Exercise requirements — Retype nothing except the lines below from the one with "Riso Buono carnaroli" through the one with "Ceata Peste Lacul", exactly, with images left out.

Records shown —

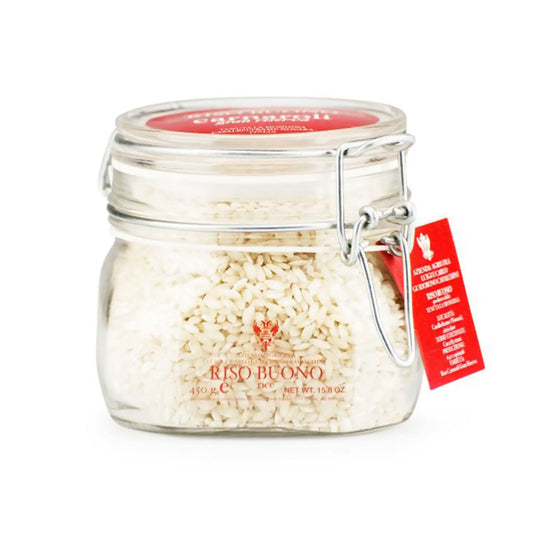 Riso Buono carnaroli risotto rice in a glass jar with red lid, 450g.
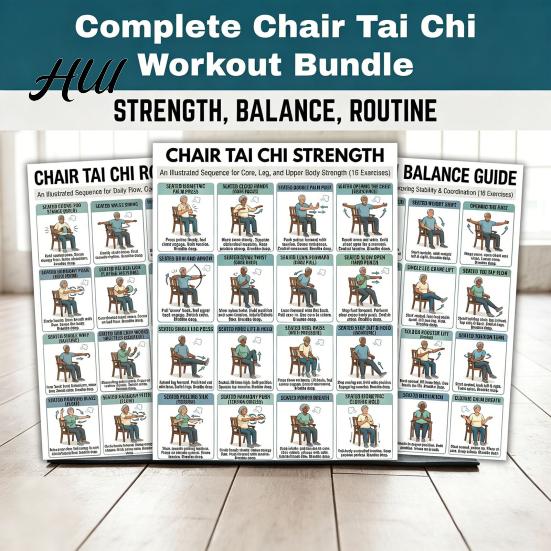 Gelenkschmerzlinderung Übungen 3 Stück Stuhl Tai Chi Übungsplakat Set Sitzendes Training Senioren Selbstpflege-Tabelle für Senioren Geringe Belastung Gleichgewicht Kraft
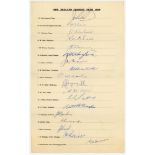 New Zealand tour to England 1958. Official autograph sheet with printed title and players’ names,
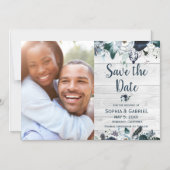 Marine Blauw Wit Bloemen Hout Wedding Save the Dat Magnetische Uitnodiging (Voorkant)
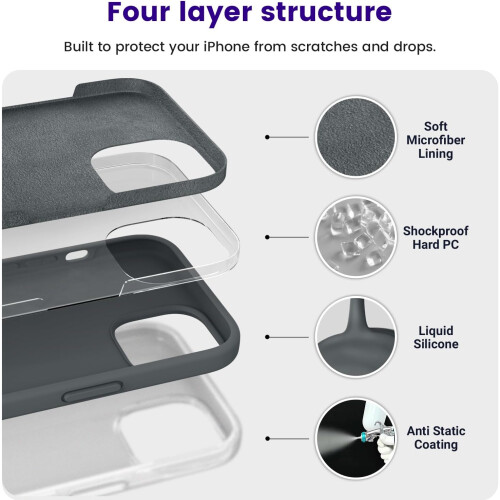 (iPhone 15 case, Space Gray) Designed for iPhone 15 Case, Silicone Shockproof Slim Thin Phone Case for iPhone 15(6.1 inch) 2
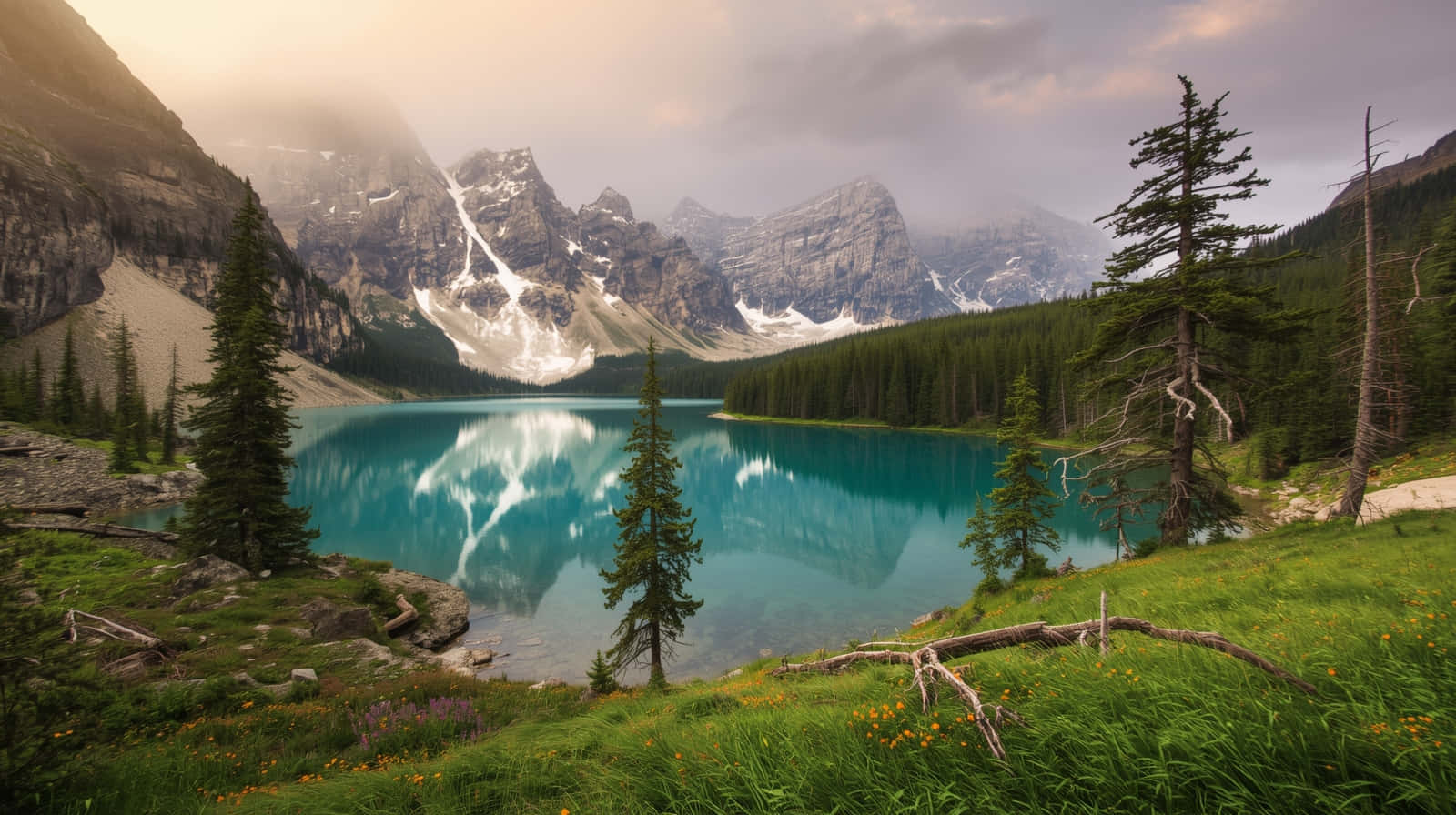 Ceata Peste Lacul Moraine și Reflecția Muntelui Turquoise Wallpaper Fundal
==
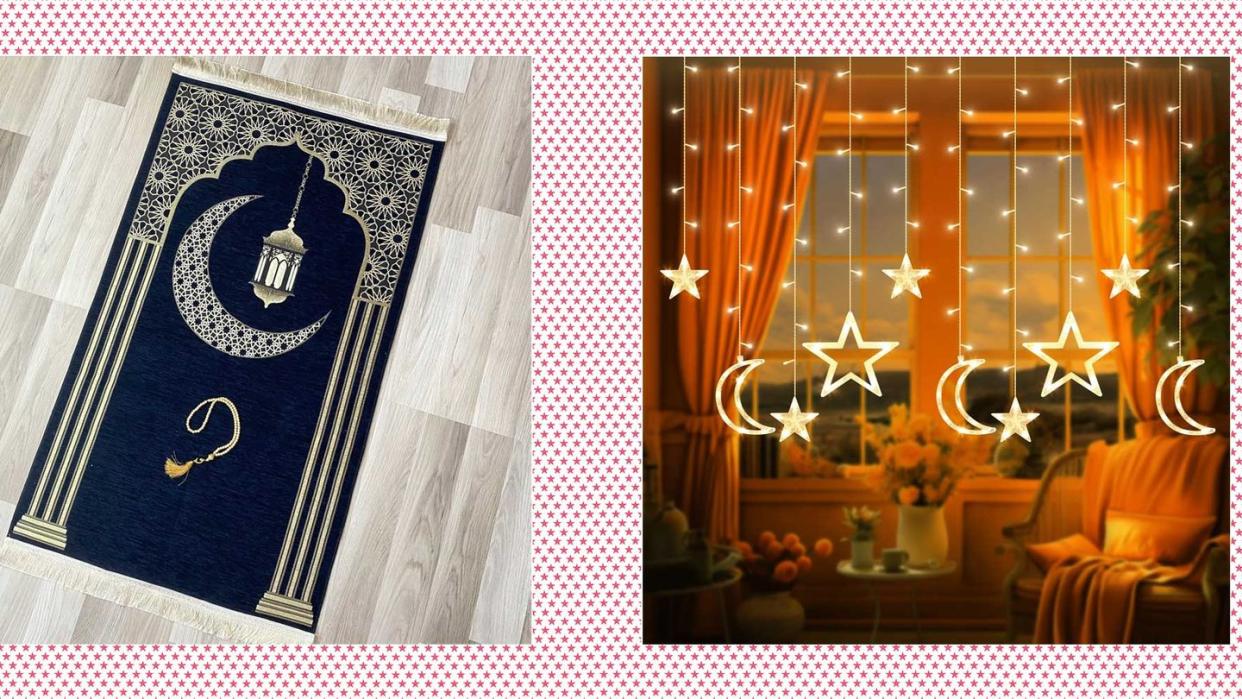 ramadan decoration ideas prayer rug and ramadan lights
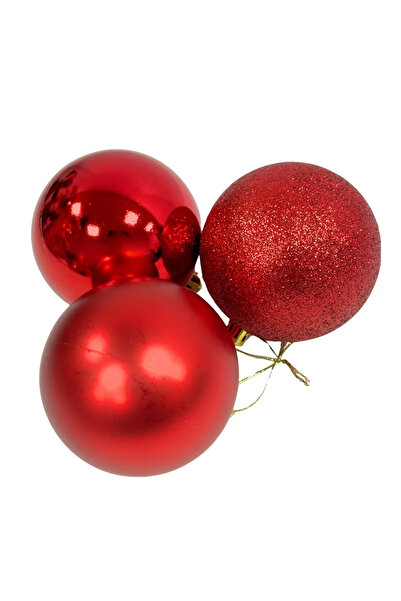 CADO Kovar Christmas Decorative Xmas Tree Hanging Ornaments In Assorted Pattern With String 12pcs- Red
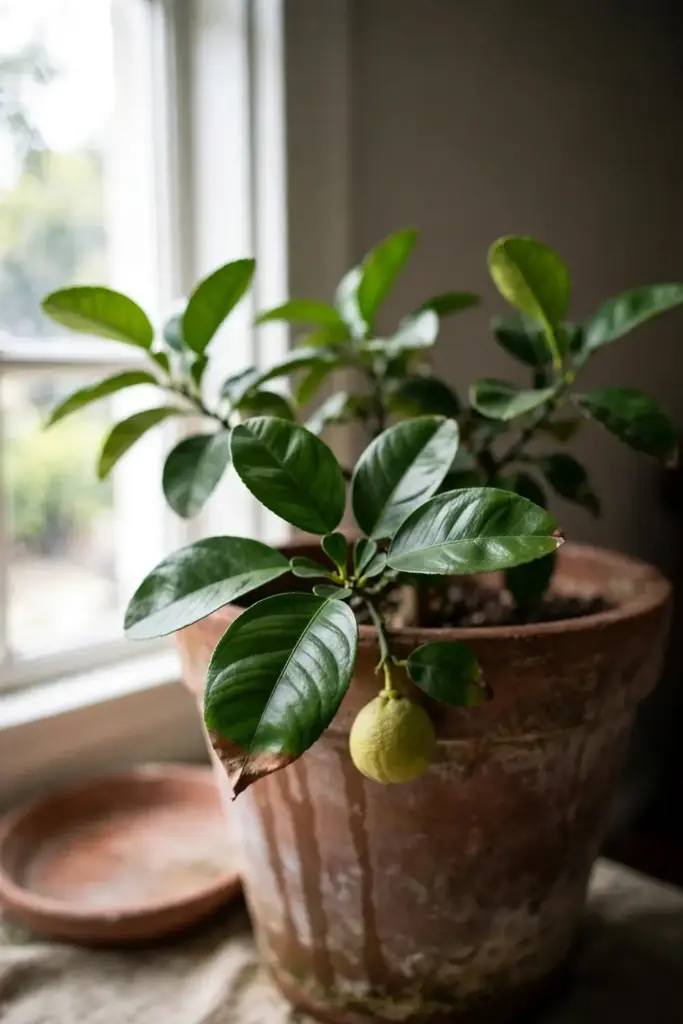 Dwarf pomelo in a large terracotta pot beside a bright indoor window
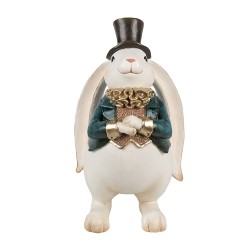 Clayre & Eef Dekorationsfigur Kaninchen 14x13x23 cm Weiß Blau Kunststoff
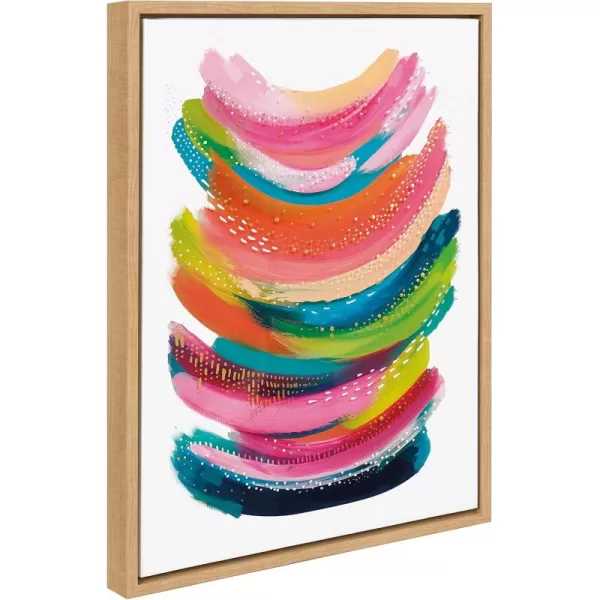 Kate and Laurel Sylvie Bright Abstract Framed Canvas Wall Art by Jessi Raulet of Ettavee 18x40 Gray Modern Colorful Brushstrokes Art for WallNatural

Completed exercise —
 Riso Buono carnaroli risotto rice in a glass jar with red lid, 450g.
 Gelenkschmerzlinderung Übungen 3 Stück Stuhl Tai Chi Übungsplakat Set Sitzendes Training Senioren Selbstpflege-Tabelle für Senioren Geringe Belastung Gleichgewicht Kraft
 New Zealand tour to England 1958. Official autograph sheet with printed title and players’ names,
 Marine Blauw Wit Bloemen Hout Wedding Save the Dat Magnetische Uitnodiging (Voorkant)
 (iPhone 15 case, Space Gray) Designed for iPhone 15 Case, Silicone Shockproof Slim Thin Phone Case for iPhone 15(6.1 inch) 2
 Ceata Peste Lacul Moraine și Reflecția Muntelui Turquoise Wallpaper Fundal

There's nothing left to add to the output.